Instructions to follow -> Your task is to repeat exactly the lines below between the line holding "想投AMF数字货币广告？先看清这几点再动手" and the line holding "NWT J. Crew", inclusive, and only those.

Records to process ->
——————————
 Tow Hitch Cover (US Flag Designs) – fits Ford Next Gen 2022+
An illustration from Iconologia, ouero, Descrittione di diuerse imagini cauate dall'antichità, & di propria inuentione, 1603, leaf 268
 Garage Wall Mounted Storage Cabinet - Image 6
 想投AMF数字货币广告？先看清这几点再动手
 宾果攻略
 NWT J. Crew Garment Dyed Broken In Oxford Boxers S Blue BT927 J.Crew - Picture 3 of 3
——————————
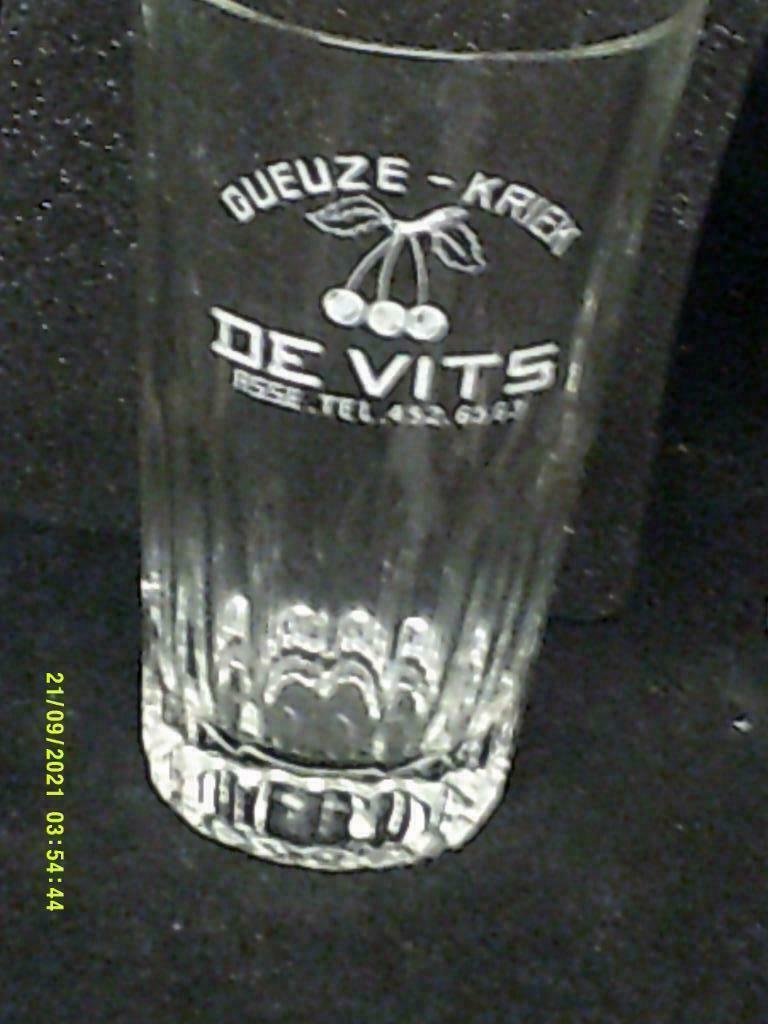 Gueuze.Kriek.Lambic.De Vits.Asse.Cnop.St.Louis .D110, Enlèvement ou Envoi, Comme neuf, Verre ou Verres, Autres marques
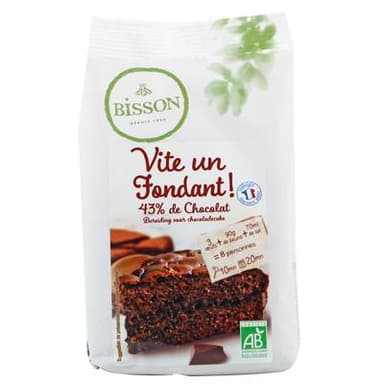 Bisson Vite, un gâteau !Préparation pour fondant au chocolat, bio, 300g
——————————
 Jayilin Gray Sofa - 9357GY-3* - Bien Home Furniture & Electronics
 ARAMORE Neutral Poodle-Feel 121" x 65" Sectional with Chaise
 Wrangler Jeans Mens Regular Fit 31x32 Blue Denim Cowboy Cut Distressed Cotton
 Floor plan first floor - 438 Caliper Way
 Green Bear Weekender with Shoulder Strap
——————————
Answer to this task ->
 想投AMF数字货币广告？先看清这几点再动手
 宾果攻略
 NWT J. Crew Garment Dyed Broken In Oxford Boxers S Blue BT927 J.Crew - Picture 3 of 3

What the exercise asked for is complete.